• **WHAT YOU ARE ASKED TO DO**:
Within the records that follow, restate exactly the lines from the line with "French Style Arched" down to the line with "mapa de Moçambic", including both. Omit the pictures.

• **DATA FOR ANALYSIS**:
________________________________________

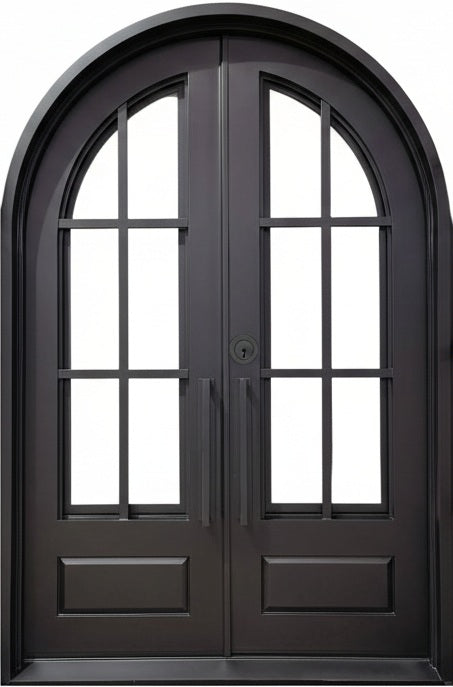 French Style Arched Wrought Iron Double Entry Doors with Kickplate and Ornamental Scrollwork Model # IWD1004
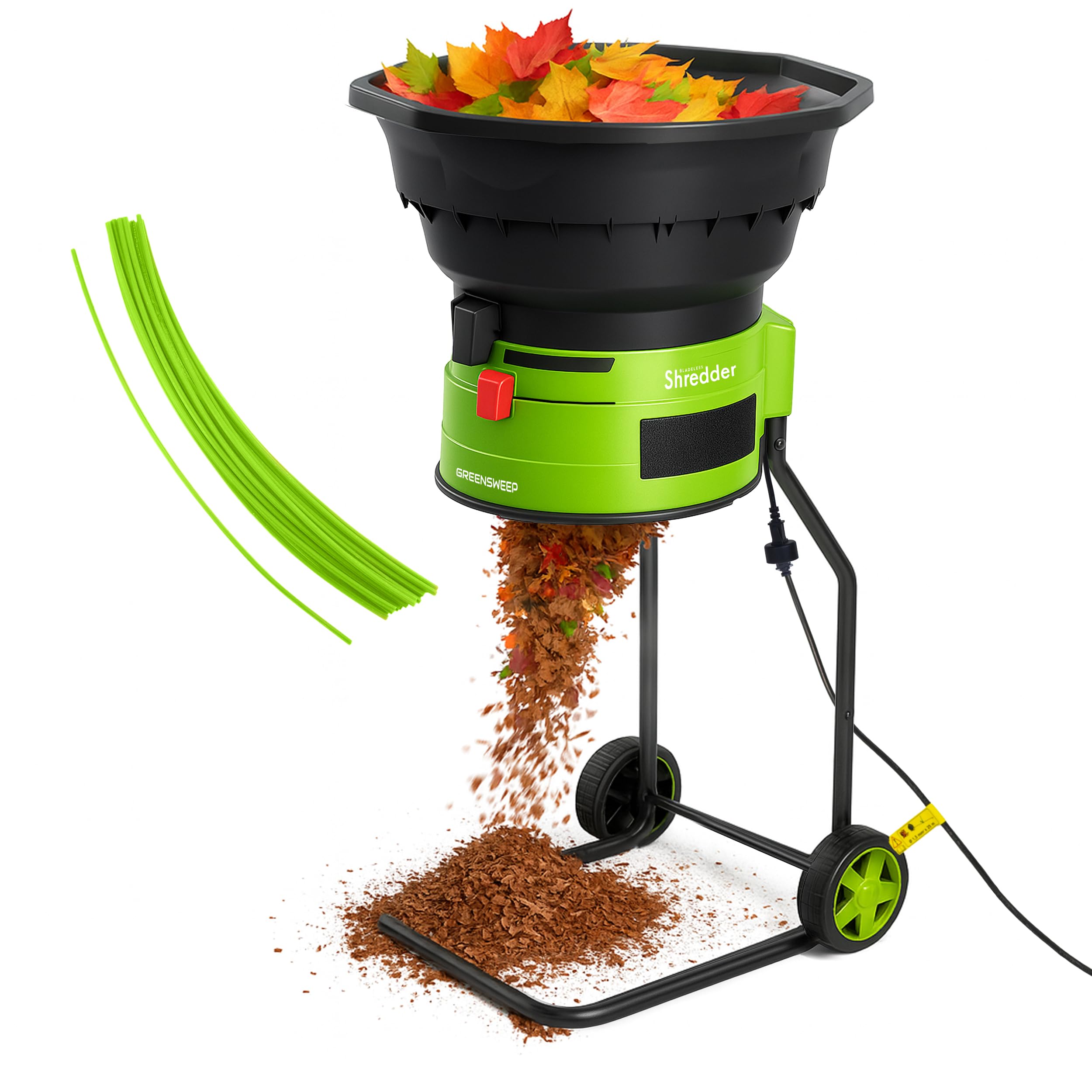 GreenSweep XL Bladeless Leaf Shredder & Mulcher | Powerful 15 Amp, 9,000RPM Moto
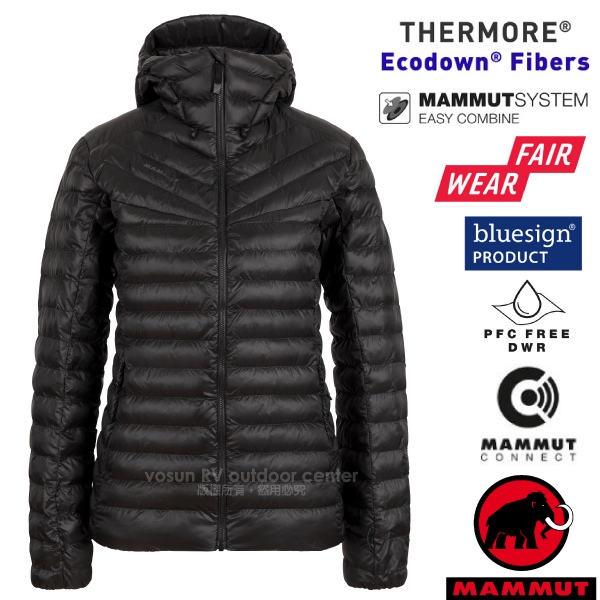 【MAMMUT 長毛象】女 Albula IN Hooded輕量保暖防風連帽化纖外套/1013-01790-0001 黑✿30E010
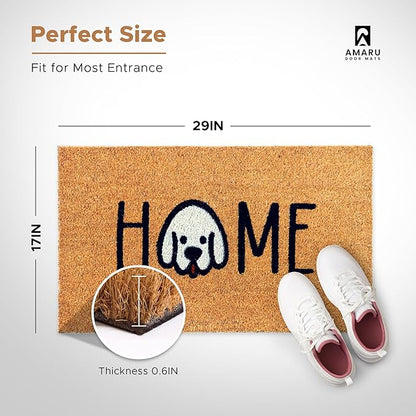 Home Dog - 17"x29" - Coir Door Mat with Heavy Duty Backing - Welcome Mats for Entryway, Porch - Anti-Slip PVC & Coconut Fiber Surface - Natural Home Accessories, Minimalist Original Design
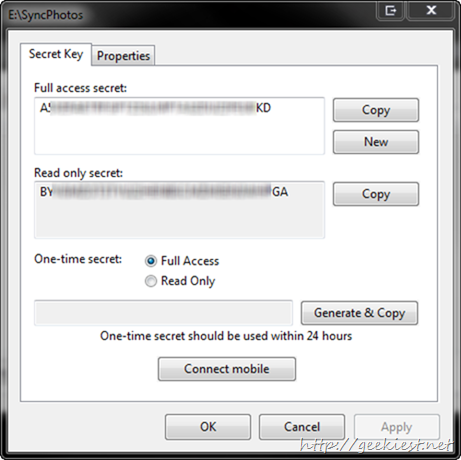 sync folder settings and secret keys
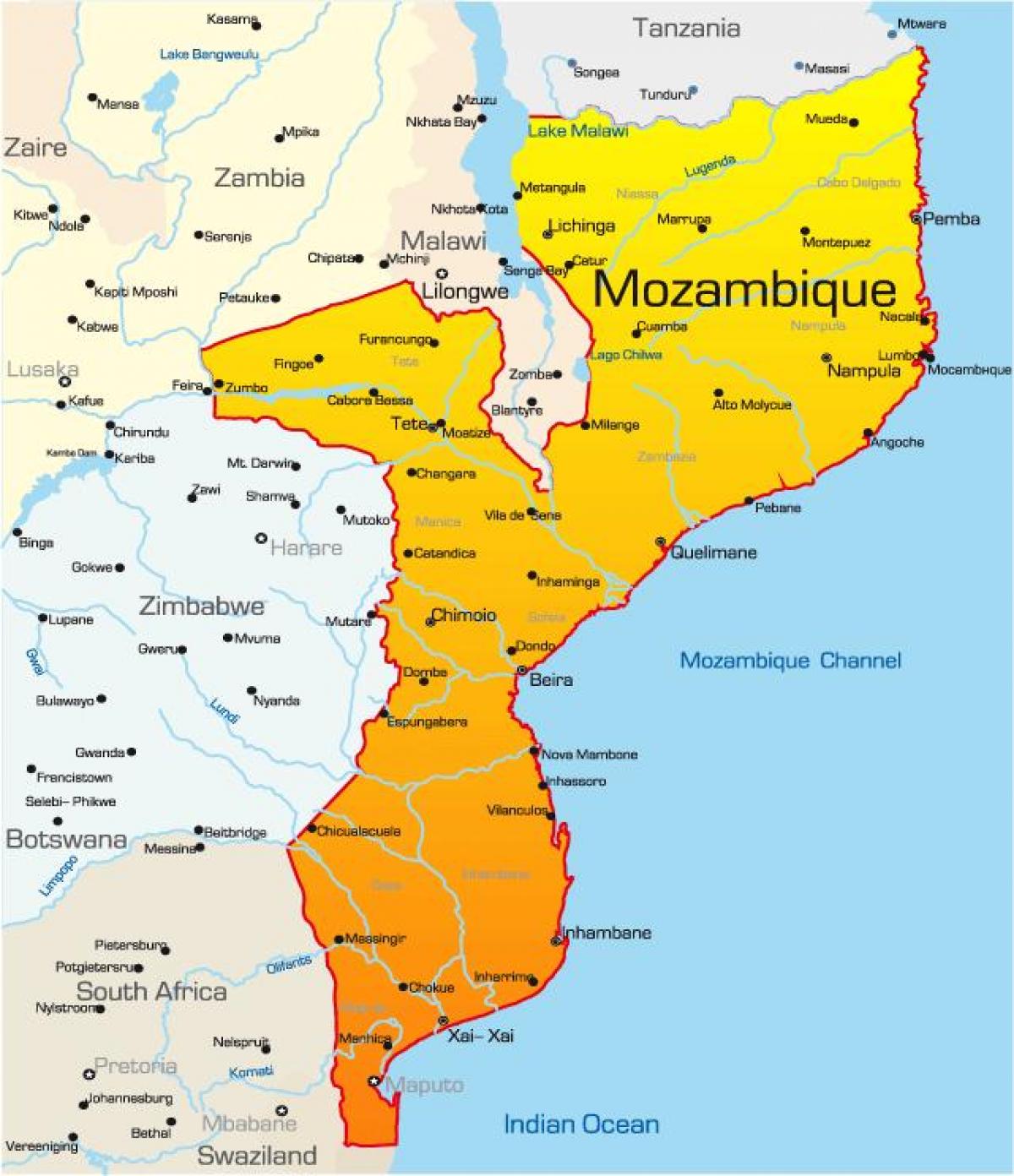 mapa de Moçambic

________________________________________

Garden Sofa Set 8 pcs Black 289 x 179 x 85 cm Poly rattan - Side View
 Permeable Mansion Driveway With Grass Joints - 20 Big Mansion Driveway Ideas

________________________________________

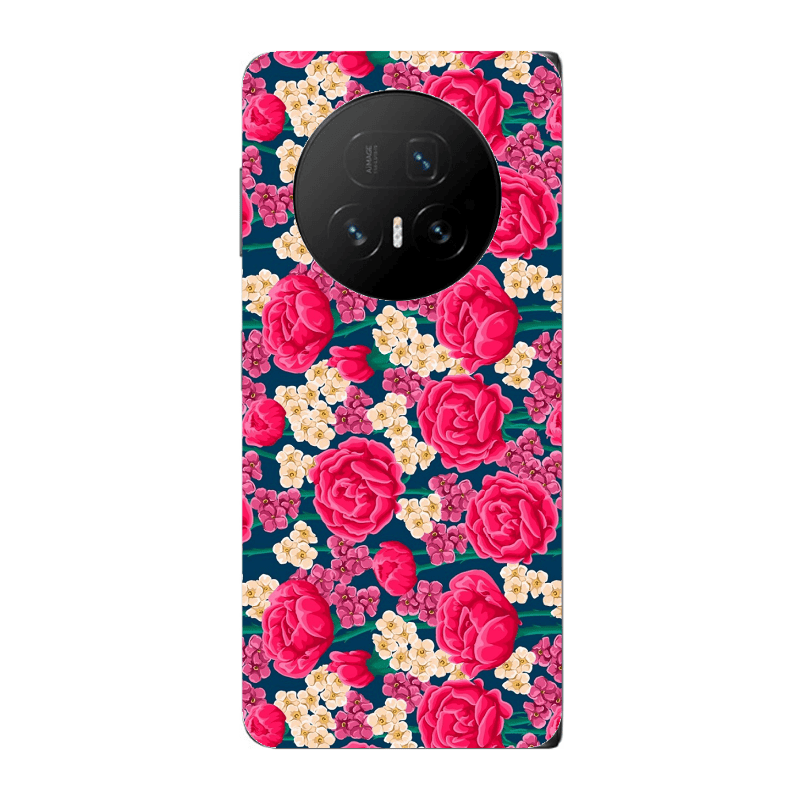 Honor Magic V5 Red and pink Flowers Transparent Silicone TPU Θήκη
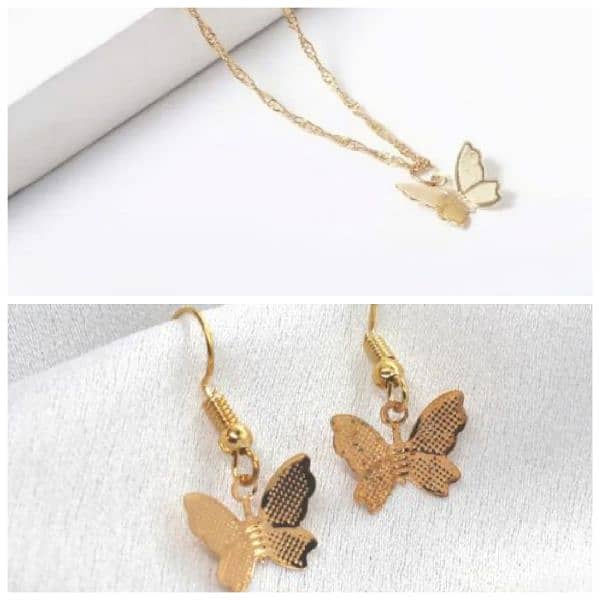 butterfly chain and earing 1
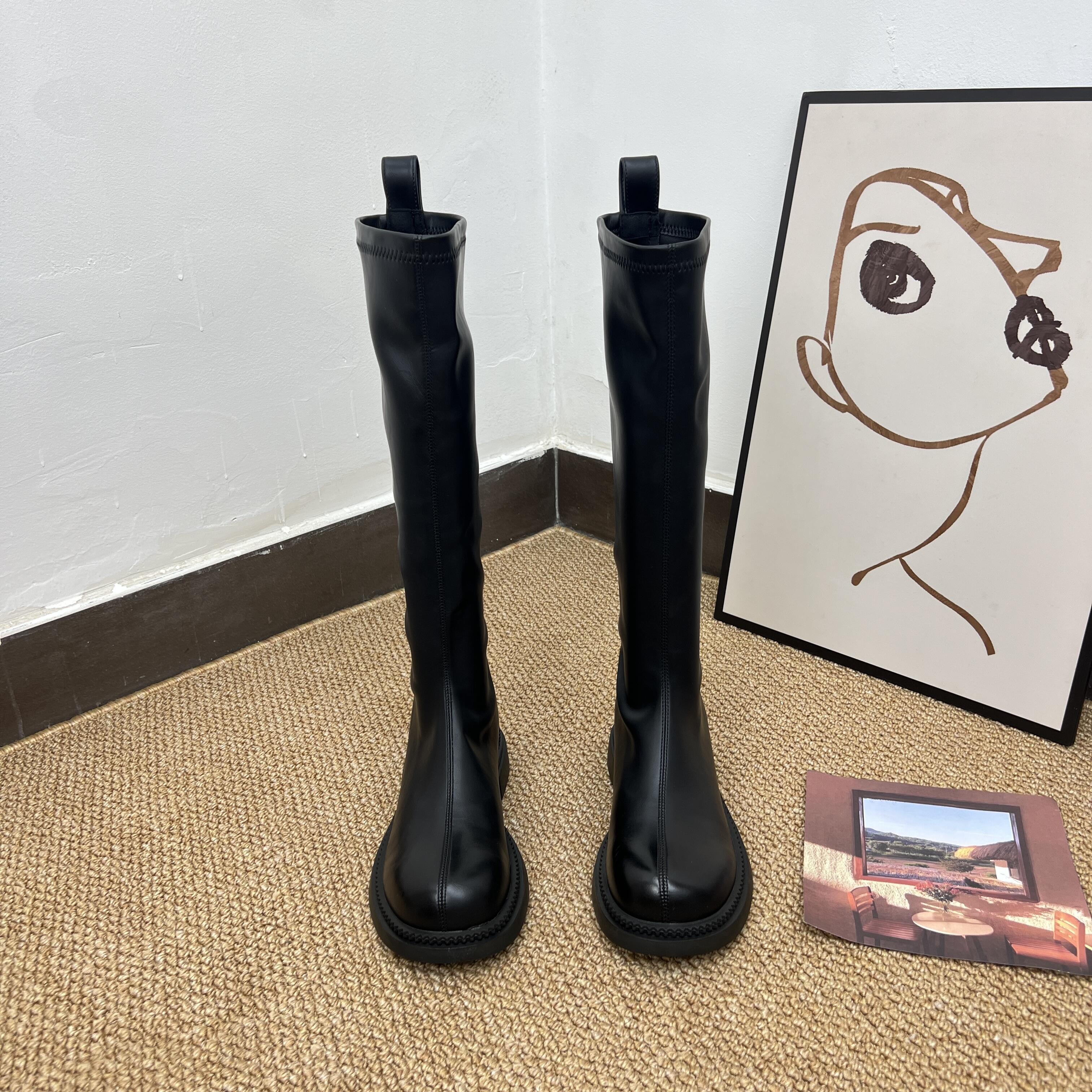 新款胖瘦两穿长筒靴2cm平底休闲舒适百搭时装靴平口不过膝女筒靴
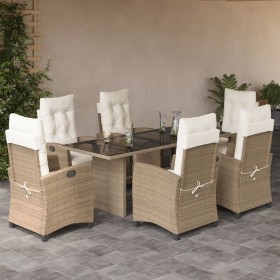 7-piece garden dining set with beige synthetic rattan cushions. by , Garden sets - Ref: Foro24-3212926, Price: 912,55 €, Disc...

________________________________________

• **SOLVED PROBLEM**:
 French Style Arched Wrought Iron Double Entry Doors with Kickplate and Ornamental Scrollwork Model # IWD1004
 GreenSweep XL Bladeless Leaf Shredder & Mulcher | Powerful 15 Amp, 9,000RPM Moto
 【MAMMUT 長毛象】女 Albula IN Hooded輕量保暖防風連帽化纖外套/1013-01790-0001 黑✿30E010
 Home Dog - 17"x29" - Coir Door Mat with Heavy Duty Backing - Welcome Mats for Entryway, Porch - Anti-Slip PVC & Coconut Fiber Surface - Natural Home Accessories, Minimalist Original Design
 sync folder settings and secret keys
 mapa de Moçambic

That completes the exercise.